Joyce Cacho, president of Adinura Advisory Services, gave insight into how a workplace culture of innovation might be influenced by and be used to attract newer generations of employees—digital natives—and thus encourage the development and scaling of original ideas.
Underpinning the hyper-connectivity of future employee talent is the pipeline’s shift to demanding that their social and environmental priorities be part of their lives wherever they spend their time, whether as an employee, as a volunteer, or socially. This is a notable break from employees of past eras. Today’s low unemployment rate in the US brings a marked increase in younger employees choosing work opportunities in for-profit enterprises, where innovating delivers income rewards and addresses their environmental and social concerns.
Such engaged employees have the ability to spur innovation—surrounding sustainability, diversity, technology, and more—at the highest levels of an organization by wanting to intersect their private and work-related goals. When employees are given the chance to voice their opinions to executives, who then grow and report on the success of those ideas, directors have the opportunity to encourage a thriving culture of innovation. Such employees are also drawn in the first place to businesses that welcome change and want to listen.
Scott Clements, president and CEO of Onespan, expressed his hope to “demystify innovation” by boiling it down to this uncomplicated fact: “There’s a job to be done, and you’ve identified a new or different way to do that job better.” Clements also hopes to see more directors mentoring management executives in the future to both broaden the perspectives of management and deepen directors’ understanding of the business. It is the board’s job to communicate clearly and collaborate with the C-suite in order to cultivate deeper comprehension and innovation.
Along a similar vein, Frank Grossman, president of Chilton Capital Advisors, reported that one of the boards on which he serves encourages its senior executives to serve on other boards, in order for them to gain insights into how other companies approach corporate governance. Developing best practices is not a static process; it requires continuous investment by the management team and a willingness to be open to new ideas and approaches.

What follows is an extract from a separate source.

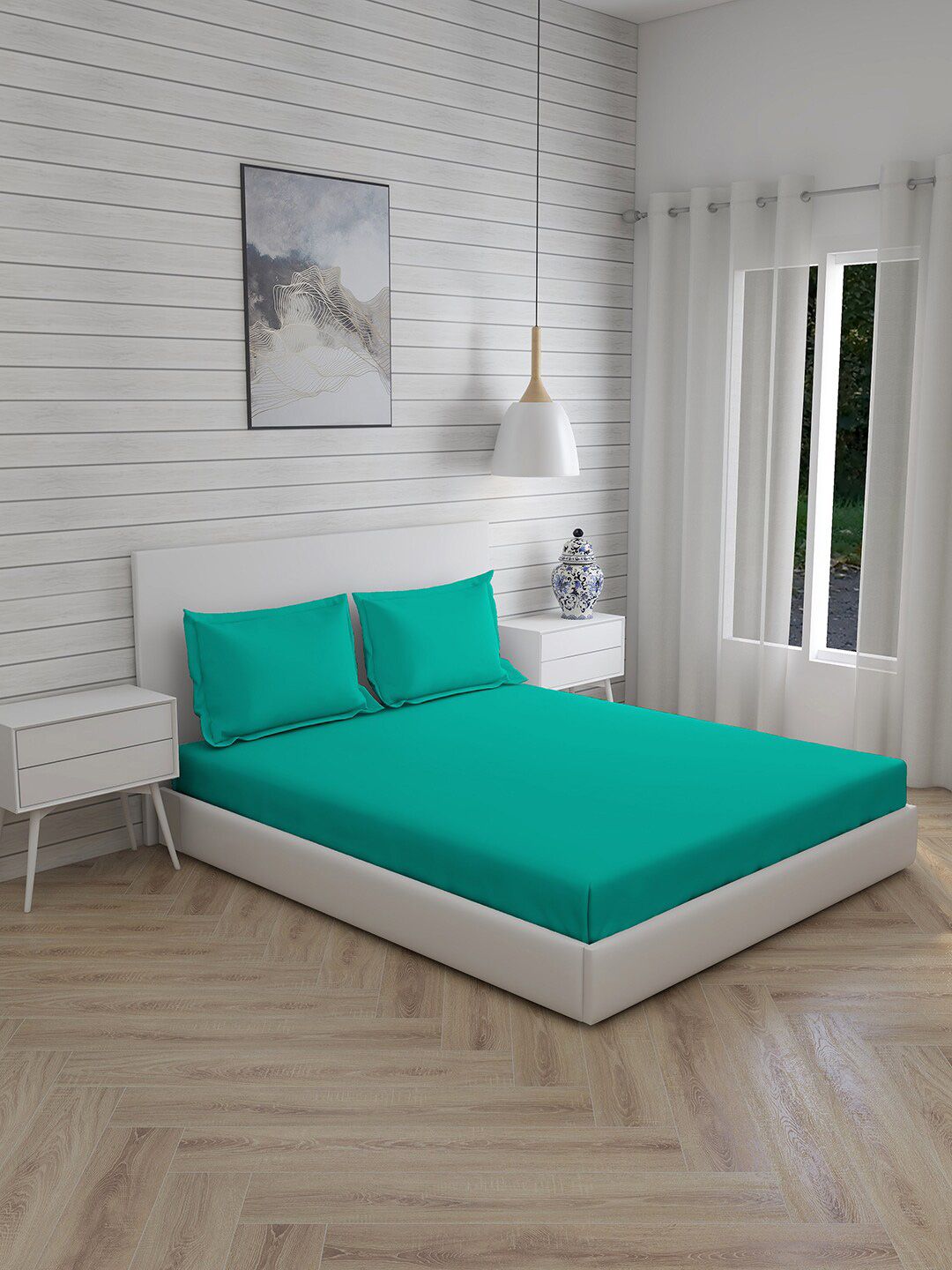 Layers Turquoise Blue 144 TC Cotton King Bedsheet with 2 Pillow Covers Price in India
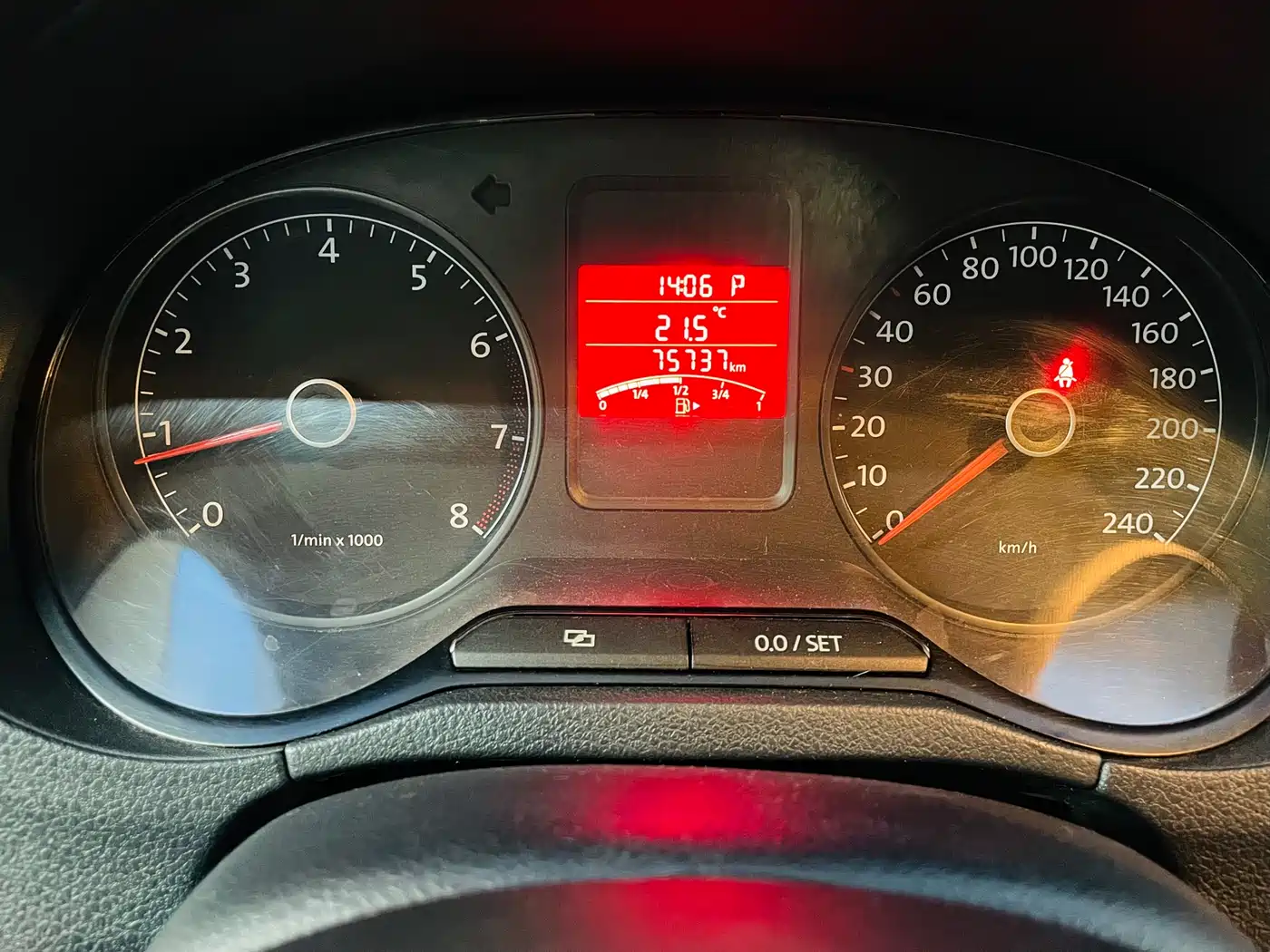 Volkswagen Polo 2011 1.4L Automatic Style Edition фото 3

Another great method for setting a tone of innovation from the top? According to Gallagher, directors should advocate for management to expand their own skill and knowledge sets while also prompting them to act by questioning them to think in new ways. Today, if they are doing things the way they have always done them, they are most likely falling behind.
While collaborating with management to oversee an innovative culture, directors and executives also need to agree on how best to weigh the merits of and pursue innovative opportunities so that the company can move forward. Effective challenge—that is, analyzing risks objectively through independent board members and other experts to find weaknesses, constraints, and presumptions, and to eventually improve upon risk management strategies—is part of this process of collaboration.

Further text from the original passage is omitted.